• What to produce
Please repeat the lines below exactly. Begin with the line containing "- изображение 8" and go on through the line containing "Bo-Camp Aluminium Trockenkarussell<".

• Records from a collection
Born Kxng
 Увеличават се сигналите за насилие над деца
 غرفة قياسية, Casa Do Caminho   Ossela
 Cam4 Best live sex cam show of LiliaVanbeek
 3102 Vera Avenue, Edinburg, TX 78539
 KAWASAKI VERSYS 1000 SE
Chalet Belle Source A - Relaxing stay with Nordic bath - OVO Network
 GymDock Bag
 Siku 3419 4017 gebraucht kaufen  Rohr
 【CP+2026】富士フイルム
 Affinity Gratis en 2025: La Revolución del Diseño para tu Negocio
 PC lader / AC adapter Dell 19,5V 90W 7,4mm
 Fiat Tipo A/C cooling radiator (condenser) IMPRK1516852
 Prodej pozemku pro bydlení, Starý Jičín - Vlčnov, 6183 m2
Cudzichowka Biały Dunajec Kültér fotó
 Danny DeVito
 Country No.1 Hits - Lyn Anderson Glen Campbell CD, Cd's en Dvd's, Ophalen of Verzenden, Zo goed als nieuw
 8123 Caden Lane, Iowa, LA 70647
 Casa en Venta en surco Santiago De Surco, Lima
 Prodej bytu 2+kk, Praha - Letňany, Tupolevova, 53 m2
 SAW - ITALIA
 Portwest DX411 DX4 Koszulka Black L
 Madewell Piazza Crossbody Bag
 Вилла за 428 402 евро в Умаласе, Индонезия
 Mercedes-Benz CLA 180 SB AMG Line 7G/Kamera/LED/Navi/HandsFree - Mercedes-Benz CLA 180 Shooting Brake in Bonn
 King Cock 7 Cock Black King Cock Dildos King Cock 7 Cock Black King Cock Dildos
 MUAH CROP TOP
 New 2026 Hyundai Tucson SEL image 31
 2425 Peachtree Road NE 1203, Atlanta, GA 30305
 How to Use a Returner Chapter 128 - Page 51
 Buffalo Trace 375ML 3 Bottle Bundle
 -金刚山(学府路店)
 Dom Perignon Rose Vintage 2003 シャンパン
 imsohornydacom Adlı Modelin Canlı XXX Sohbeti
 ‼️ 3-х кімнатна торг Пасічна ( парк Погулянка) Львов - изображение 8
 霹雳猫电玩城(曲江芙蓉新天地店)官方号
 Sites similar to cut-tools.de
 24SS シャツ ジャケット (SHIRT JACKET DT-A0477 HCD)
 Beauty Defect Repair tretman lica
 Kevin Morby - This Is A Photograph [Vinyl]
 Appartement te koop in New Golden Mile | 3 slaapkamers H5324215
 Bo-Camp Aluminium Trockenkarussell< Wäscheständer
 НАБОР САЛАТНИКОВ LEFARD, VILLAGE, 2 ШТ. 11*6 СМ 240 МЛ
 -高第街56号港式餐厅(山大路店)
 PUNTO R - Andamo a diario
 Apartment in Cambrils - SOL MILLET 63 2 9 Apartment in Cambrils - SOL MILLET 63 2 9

• Written response
 ‼️ 3-х кімнатна торг Пасічна ( парк Погулянка) Львов - изображение 8
 霹雳猫电玩城(曲江芙蓉新天地店)官方号
 Sites similar to cut-tools.de
 24SS シャツ ジャケット (SHIRT JACKET DT-A0477 HCD)
 Beauty Defect Repair tretman lica
 Kevin Morby - This Is A Photograph [Vinyl]
 Appartement te koop in New Golden Mile | 3 slaapkamers H5324215
 Bo-Camp Aluminium Trockenkarussell< Wäscheständer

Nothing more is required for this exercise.